Sonntag, 11. Januar 2009

Trennblätter

Nehmen Sie es, wie Sie wollen:

Ich berichte Beiläufiges, weil ich Sie länger neugierig machen möchte auf die nächste Holl-Geschichte.
Ich berichte Beiläufiges, weil ich möchte, dass Sie sich von der Bestürzung über die Holl-Geschichte vom 4. Januar erholen können, sofern Sie bestürzt waren (würde mich interessieren).

Trennblätter

Gleich an zweiter Stelle auf der Materialliste stand:

100 Stck. Trennblätter

Was alle anderen Positionen auf der Liste bedeuteten, war mir klar, Kopierpapier, Notizblöcke ... aber Trennblätter?

Ich hätte forsch 100 Trennblätter fordern können.
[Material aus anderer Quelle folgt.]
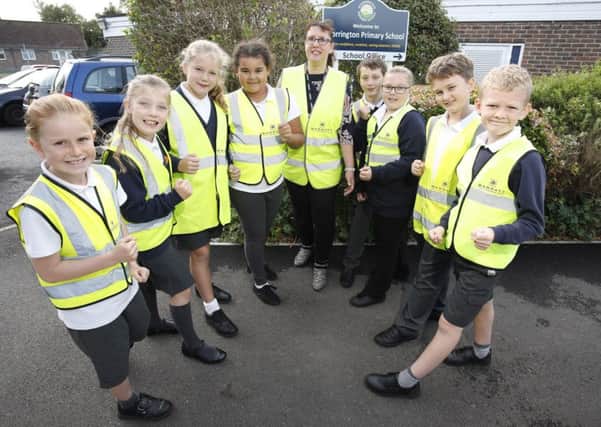 Storrington Primary School pupils wearing their new hi-vis vests donated by Barratt Homes SUS-181024-103349001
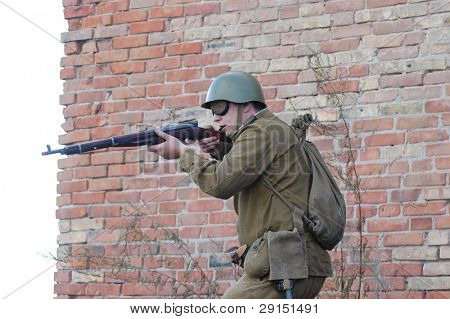 KIEV, UKRAINE - SEPT 19, : Member of a history club wear historical Soviet  uniforms as he participates in a WWII reenactment.Buttle for Kiev in 1943. September 19 , 2009 in Kiev, Ukraine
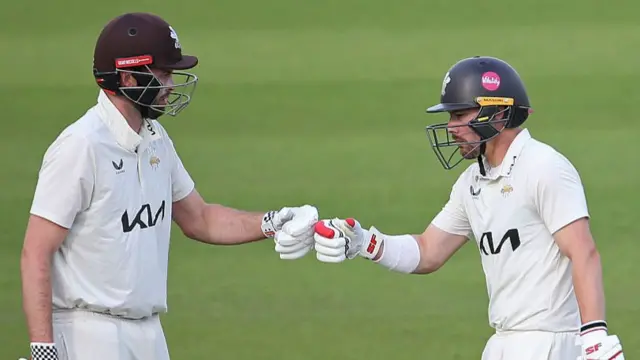 Rory Burns and Dom Sibley touch gloves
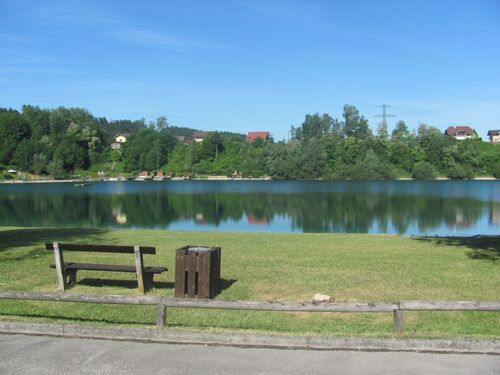 Badesee Regau in dem sich Bäume und Häuser spiegeln, im Vordergrund eine einsame Holzbank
Doch in der Materialausgabe hätten sie mir Werweißwas eingepackt und sich anschließend über meine Bildungslücke amüsiert. Welch ein Gelächter hätten die Kollegen angestimmt, wenn ich ausgepackt hätte, wovon ich dachte, es seien Trennblätter. Hatten die Kollegen etwa die Trennblatt-Besorgung angezettelt? Gierten sie danach zu erleben, wie ich mich blamierte?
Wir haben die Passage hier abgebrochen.